The EU Member States should in the future be able to decide on whether or not they will allow cultivation of approved genetically modified plants in their country. In order to avoid a long-drawn-out procedure for changing the current regulations, the Commission wants to swiftly enact new guidelines for coexistence. Subsequently, countries would be able to pass extremely strict cultivation regulations for GM-plants which would all but preclude an agricultural use. In this way individual countries could dictate, for example, that the distance of fields with conventional and GM-plants has to be ten or more kilometres.
In a second step, the current regulations should be so modified that countries can invoke "socio-economic criteria" if they wish to enact regional bans on cultivation. Since the Member States and the EU Parliament have to endorse this with the necessary majority, it could take up to two years until the new regulation are in force.
For national bans on cultivation, however, countries should as a rule not be able to refer to dangers for the environment or health. Otherwise, the credibility of the EU-wide approval procedure is put in jeopardy, since a GMO product can only then be approved if its safety has been certified according to the then current scientific state of knowledge.
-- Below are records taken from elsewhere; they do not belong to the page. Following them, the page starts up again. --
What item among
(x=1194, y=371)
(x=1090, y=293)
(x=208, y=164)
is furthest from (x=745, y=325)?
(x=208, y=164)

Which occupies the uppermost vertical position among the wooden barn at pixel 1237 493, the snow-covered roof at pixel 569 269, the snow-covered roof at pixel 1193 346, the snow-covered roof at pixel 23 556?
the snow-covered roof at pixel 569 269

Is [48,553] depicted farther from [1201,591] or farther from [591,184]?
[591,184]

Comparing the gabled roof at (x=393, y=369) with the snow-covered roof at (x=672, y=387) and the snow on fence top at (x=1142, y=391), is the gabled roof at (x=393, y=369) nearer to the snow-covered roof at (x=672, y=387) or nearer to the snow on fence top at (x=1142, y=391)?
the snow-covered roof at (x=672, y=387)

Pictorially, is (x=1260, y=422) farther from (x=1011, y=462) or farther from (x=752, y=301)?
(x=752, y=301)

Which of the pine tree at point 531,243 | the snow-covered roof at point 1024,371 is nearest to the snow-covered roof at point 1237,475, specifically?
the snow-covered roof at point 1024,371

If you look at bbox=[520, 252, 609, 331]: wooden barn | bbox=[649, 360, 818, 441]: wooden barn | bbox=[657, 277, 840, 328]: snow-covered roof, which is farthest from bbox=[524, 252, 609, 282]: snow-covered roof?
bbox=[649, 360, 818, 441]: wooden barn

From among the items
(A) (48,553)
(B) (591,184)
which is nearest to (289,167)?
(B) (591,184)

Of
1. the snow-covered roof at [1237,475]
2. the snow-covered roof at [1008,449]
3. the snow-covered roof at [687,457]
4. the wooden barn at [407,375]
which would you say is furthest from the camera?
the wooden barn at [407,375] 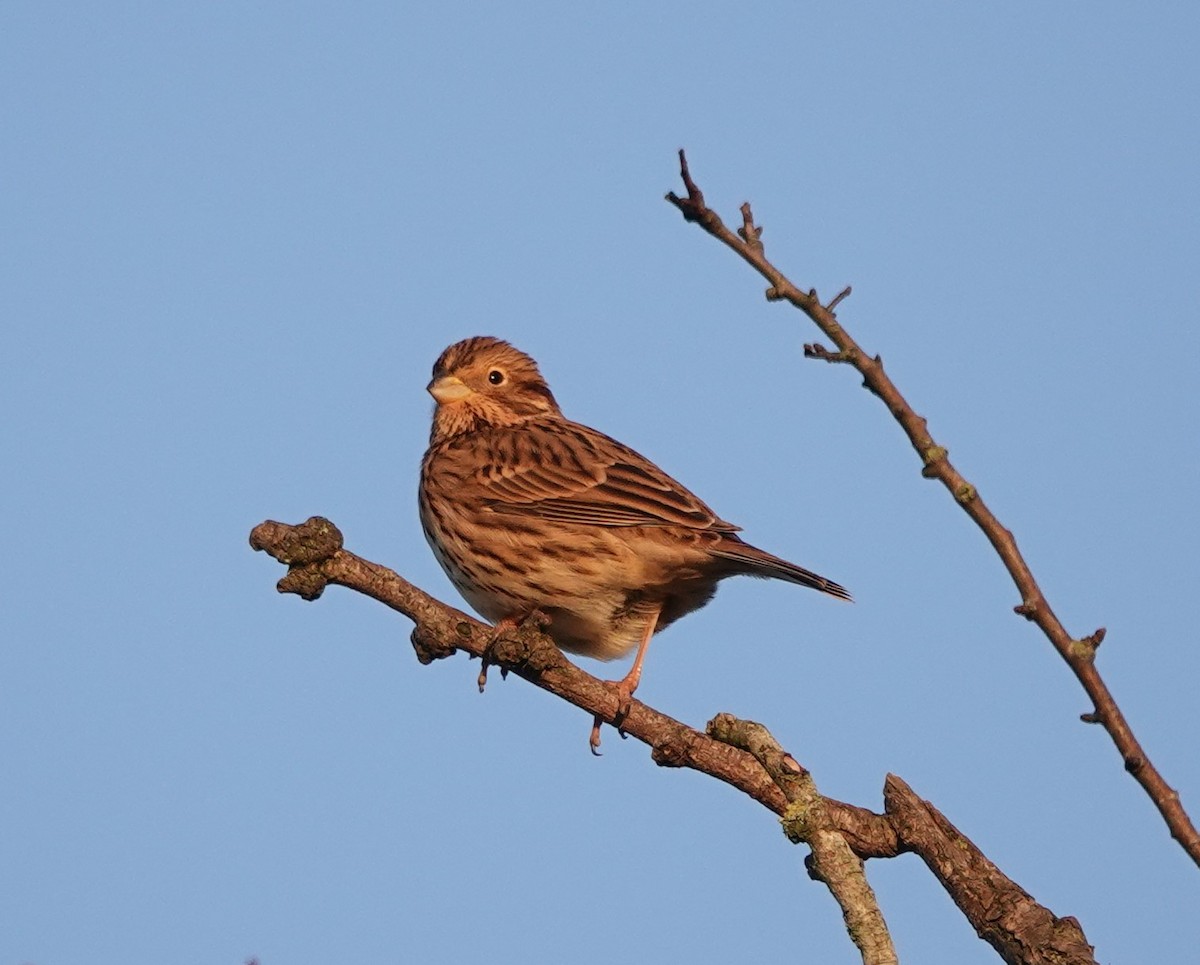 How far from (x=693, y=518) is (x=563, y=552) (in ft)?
2.55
The rough direction for the separation of the decision-making authority for GM-plants between the EU Commission and the individual Member States was already given by Commissions president Jos Manuel Barroso before his re-election last autumn. Previously, in summer 2009, several Member States, including The Netherlands and Austria, had put up a similar suggestion for discussion in the EU council of environmental ministers. Through this, the political blockade was to be overcome that prevented clear, and for the public comprehensible, decisions.
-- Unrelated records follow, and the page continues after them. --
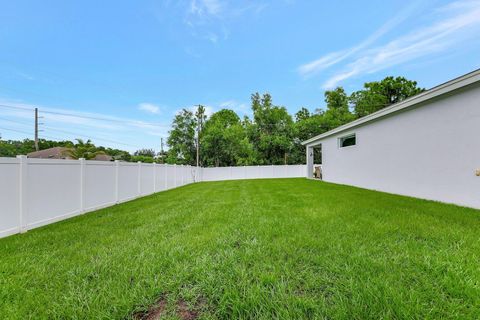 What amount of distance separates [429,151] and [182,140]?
2237 cm

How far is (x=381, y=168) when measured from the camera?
26.4 feet

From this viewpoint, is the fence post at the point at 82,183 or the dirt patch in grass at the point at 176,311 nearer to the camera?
the dirt patch in grass at the point at 176,311

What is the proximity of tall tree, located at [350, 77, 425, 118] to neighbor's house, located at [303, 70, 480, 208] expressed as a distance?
19017 millimetres

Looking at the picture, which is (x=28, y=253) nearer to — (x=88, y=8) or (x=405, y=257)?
(x=405, y=257)

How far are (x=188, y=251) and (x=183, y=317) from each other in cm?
112

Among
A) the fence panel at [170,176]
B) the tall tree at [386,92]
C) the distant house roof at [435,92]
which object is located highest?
the tall tree at [386,92]

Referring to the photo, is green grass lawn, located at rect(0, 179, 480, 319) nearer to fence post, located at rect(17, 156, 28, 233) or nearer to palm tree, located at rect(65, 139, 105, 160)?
fence post, located at rect(17, 156, 28, 233)

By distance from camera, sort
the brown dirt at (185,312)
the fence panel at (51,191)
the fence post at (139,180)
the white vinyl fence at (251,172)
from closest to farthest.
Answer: the brown dirt at (185,312), the fence panel at (51,191), the fence post at (139,180), the white vinyl fence at (251,172)

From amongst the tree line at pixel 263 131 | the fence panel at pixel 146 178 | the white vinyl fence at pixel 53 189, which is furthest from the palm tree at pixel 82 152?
the white vinyl fence at pixel 53 189

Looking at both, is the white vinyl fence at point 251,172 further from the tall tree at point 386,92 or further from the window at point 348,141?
the tall tree at point 386,92

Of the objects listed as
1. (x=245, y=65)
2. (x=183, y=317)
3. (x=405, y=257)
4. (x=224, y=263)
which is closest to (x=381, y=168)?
(x=405, y=257)

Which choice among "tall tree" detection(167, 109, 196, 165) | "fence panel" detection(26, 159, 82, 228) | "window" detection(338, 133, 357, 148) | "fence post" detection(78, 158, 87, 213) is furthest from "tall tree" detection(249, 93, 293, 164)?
"fence panel" detection(26, 159, 82, 228)

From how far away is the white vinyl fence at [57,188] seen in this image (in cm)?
335

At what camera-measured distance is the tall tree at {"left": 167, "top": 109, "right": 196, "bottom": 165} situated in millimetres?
24906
For many years no clear majority has been achieved in the council of ministers in ballots on the approval of GM-plants and the food- and feedstuffs produced from them. As a general rule, the EU commission then decides, as laid down in the European treaties, on the basis of scientific safety assessments of the European Food Safety Authority (EFSA). In the case of MON810-maize, some countries, such as Germany or France, prohibited the cultivation of the EU-approved GM-plants, invoking a protection clause in the EU regulations. A political justification for a ban on cultivation was until now impermissible.
The proposals of the Commission for the new regulations for green gene technology have provoked a variable echo. "The proposals are legally dubious, stand in contradiction to the common market and will deepen the disagreements between the Member States," wrote the Reuters news agency, citing an observer in Brussels. In addition, national bans are not compatible with world trade treaties.
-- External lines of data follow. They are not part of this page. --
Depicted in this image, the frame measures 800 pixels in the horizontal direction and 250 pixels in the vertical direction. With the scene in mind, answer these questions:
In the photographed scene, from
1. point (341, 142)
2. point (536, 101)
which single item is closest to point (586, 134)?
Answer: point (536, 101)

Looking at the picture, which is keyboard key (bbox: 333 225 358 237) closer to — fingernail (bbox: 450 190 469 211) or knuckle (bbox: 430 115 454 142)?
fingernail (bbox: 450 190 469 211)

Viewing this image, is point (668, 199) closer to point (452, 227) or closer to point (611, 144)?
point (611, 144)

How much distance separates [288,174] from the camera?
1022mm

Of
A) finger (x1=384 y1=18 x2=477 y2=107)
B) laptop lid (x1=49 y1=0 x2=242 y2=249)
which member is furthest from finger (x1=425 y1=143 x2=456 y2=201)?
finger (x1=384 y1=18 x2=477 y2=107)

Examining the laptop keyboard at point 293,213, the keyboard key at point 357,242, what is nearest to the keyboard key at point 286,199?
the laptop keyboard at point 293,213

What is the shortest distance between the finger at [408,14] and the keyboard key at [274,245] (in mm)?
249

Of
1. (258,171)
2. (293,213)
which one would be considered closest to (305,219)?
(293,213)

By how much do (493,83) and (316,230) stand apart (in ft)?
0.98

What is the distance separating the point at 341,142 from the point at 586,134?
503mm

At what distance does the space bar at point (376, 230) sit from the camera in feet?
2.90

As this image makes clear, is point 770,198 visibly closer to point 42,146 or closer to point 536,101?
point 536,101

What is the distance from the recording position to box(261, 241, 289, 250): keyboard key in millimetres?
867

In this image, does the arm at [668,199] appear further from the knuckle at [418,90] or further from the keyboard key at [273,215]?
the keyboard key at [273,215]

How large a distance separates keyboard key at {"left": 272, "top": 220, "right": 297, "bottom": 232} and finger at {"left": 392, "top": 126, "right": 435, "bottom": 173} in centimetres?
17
A spokesperson from BayerCropScience, although supporting "the aim of placing all Member states in the position to make their decisions on the cultivation of GMOs," at the same time criticised the plan of the Commission to alter the existing legal framework and with it again the possibility of long-lasting conflicts.
The environmental protection organization Friends of the Earth signalised a "cautious sanction," primarily because the Member States would in the future be entitled to declare themselves as "gene technology-free zones." At the same time, criticism was aimed at the intended acceleration of the approval process if approval is granted in future without delays through political discussion and on the basis of scientific findings.